Lovely modulations were highlighted in the dreamy finale, played more rapidly than conventionally, and the small climaxes were carefully shaped. The second chorale theme had beauty, with balanced chords before the last long section began. The three pianissimo chords that end the piece were masterfully even and at soft volume heard to the back of the Hall.

Following intermission Mr. Hamelin again spoke at length to the audience of 150, sometimes indistinctly though using a microphone, and began with the ever-popular Chopin G Minor Ballade, Op. 23. There was a natural rise and fall to the phrasing and general sonic muscle, though the right hand octaves in the repetition of the second theme were played too fast for clarity. This Ballade has a narrative backbone that Mr. Hamelin set out well. Big boned playing continued in the F Major Ballade, a piece where cascades of sonorities were effectively delivered, and the carnage of the final measures led into a quiet and simple ending. Momentum from the previous two Ballades carried over to the A Flat, the most congenial of the four, and was a little out of place. Mr. Hamelin used a lot of damper pedal and pushed the tempo. He is not a colorist and here energy tempted lyricism.

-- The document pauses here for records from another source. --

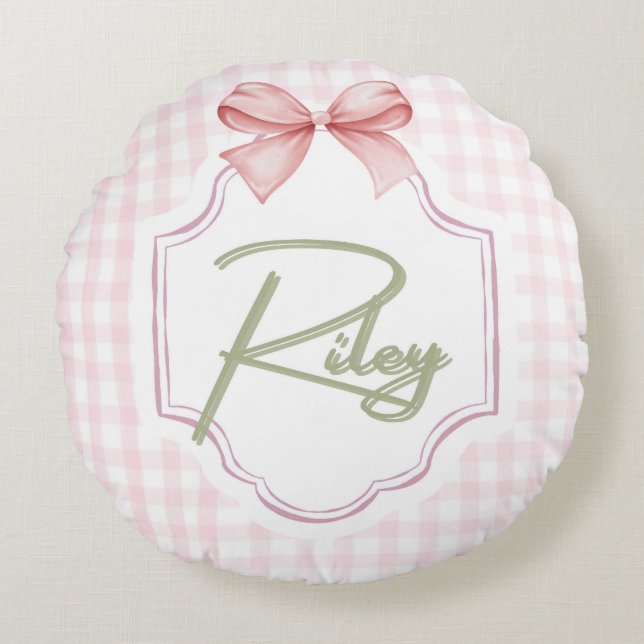 Personalized Riley Baby Girl Nursery Bow&Gingham  Round Cushion (Front)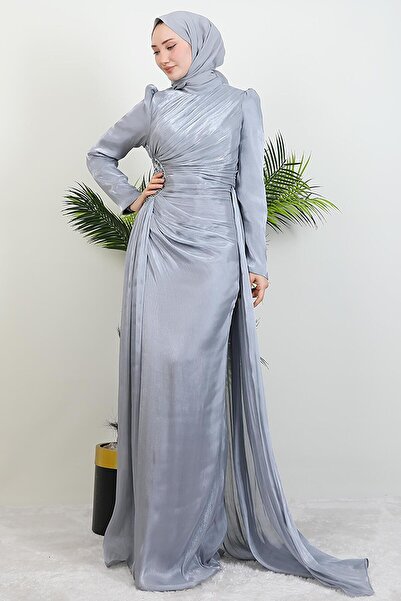 GİYZAMİLA Yaren Taş Detay Abiye Gri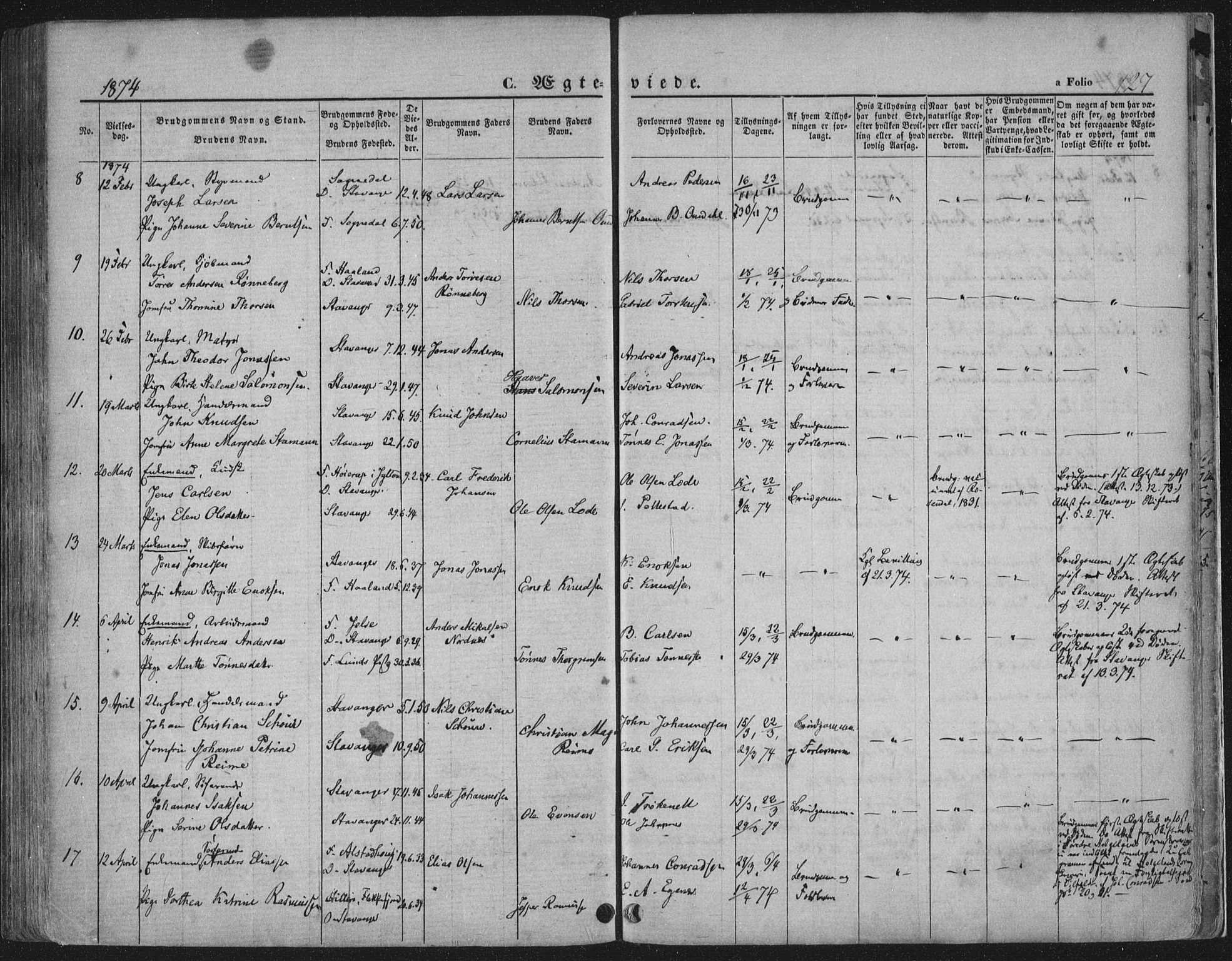 Domkirken sokneprestkontor, AV/SAST-A-101812/001/30/30BA/L0019: Parish register (official) no. A 18, 1857-1877, p. 127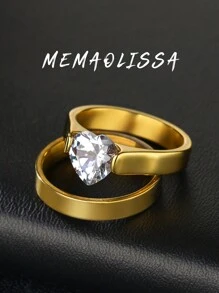 1pair Luxury Round Rhinestone Stainless Steel Rings, Fashion Personalized Ring Set For Women, Suitable For Valentine's Day, Wedding, Party, Birthday Gift, Daily Wear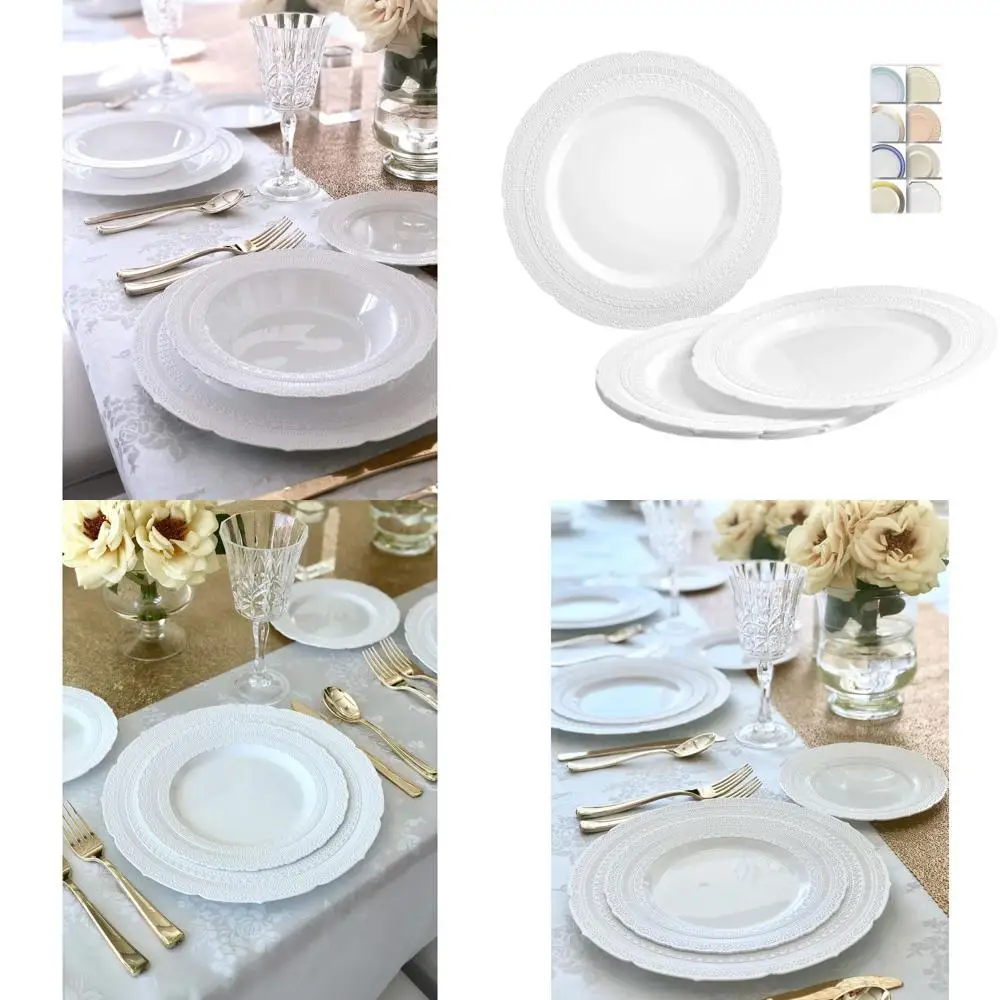 

Винтажные пластиковые обеденные тарелки из 60 предметов, 11 частей, белые цвета шато для свадеб и вечеринок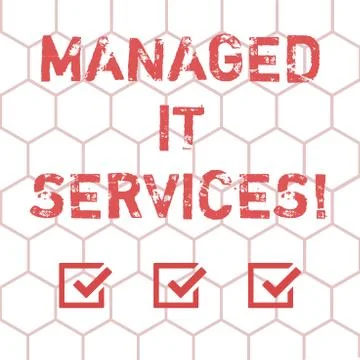Writing note showing Managed It Services. Business photo showcasing assumes Stock Illustration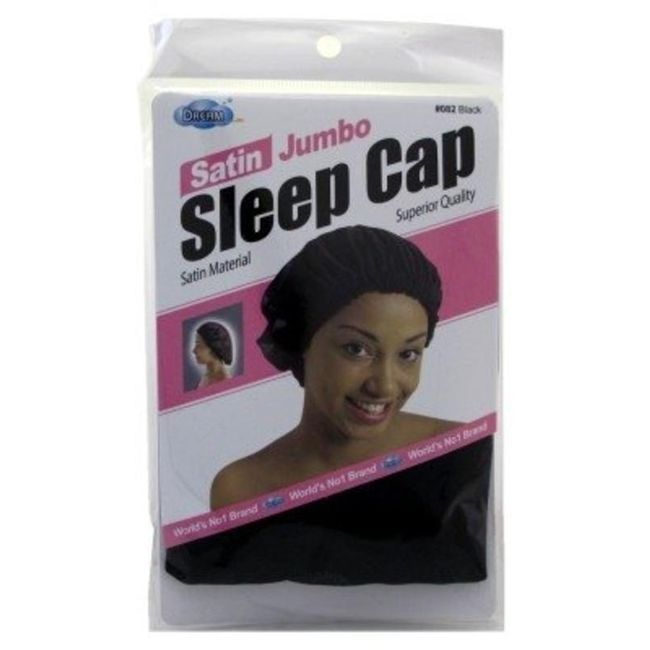 Dream Satin Sleep Cap Jumbo Black (12 Pieces)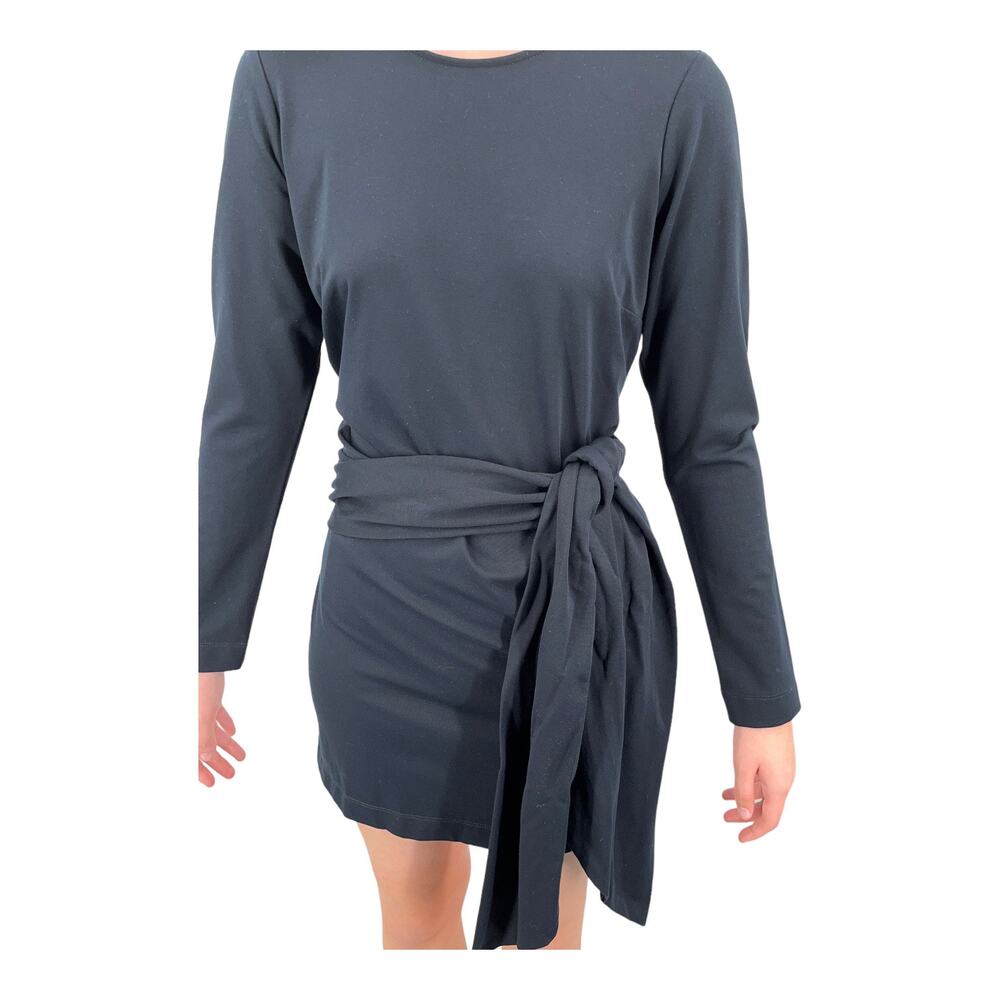Toccin NY dress long sleeve waist sash minidress size Small S - Picture 2 of 5
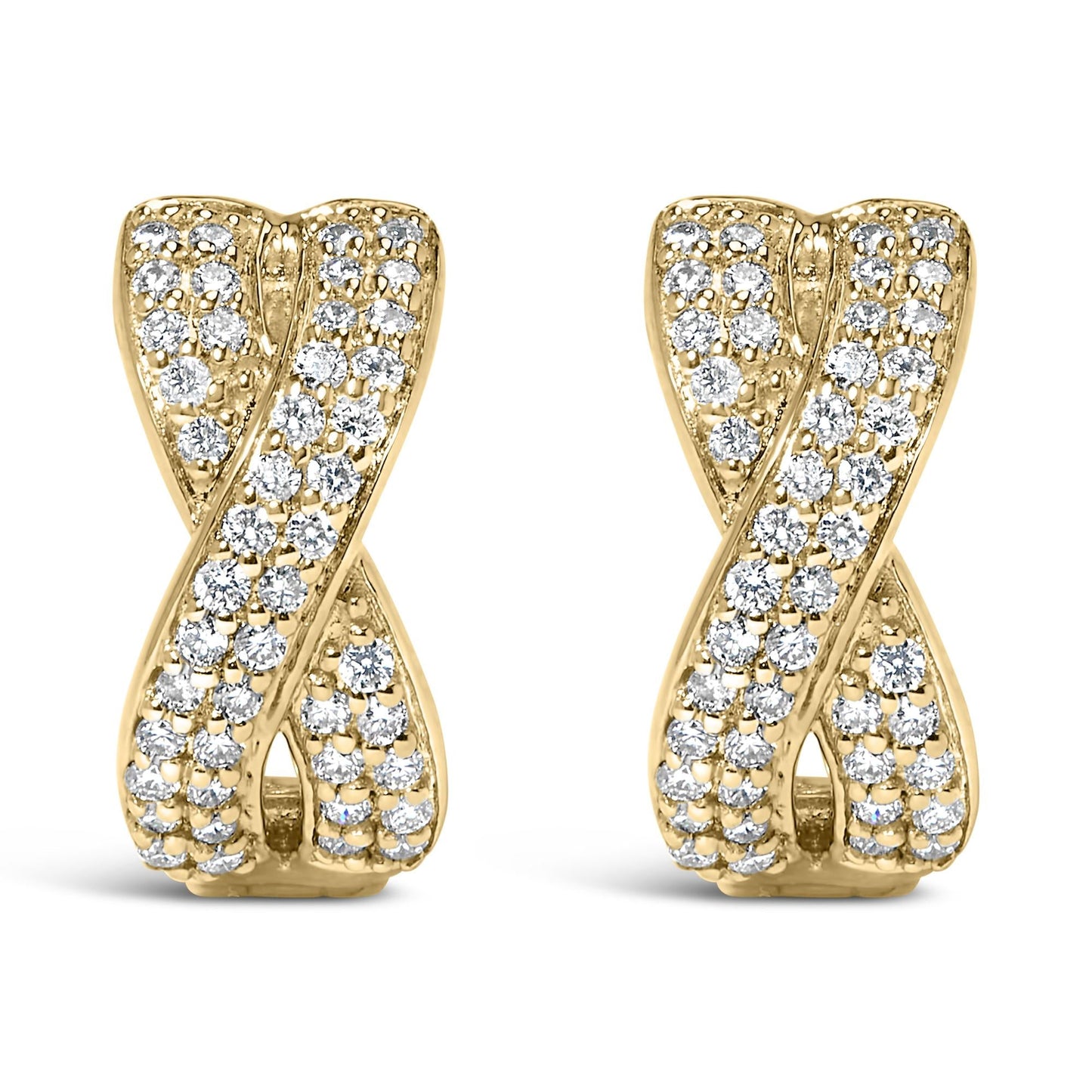 14K Yellow Gold Diamond Criss Cross Huggie Hoop Earrings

The recital ended with the F Minor Ballade, with the Schumann Fantasia one of the peaks of 19th-Century piano literature, and when played by a seasoned virtuoso it is a cosmos of emotions in fewer than ten minutes. Mr. Hamelin’s conception this afternoon was conventional but never routine, and there was abundant power and voice leading. The tenor section was taken slowly. Before the tumultuous coda the pianist avoided extending the bottom C Major Chord with pedal (the Slavic tradition) prior to the five soft anticipatory chords, and signaled the rushed drive to the finish with impressive fury and clarion speed. On balance it was the best local set of Chopin Ballades since Lang Lang’s Weill Hall 2013 opening concert, and the more recent Nancy Lee Harper traversal for Concerts Grand.

One encore was offered, a transcription (Wilhelm Kempff?) from Bach’s keyboard Concerto in F. It was sensuously played, and a warm change from tempestuous pianistic brilliance of the glorious Ballades.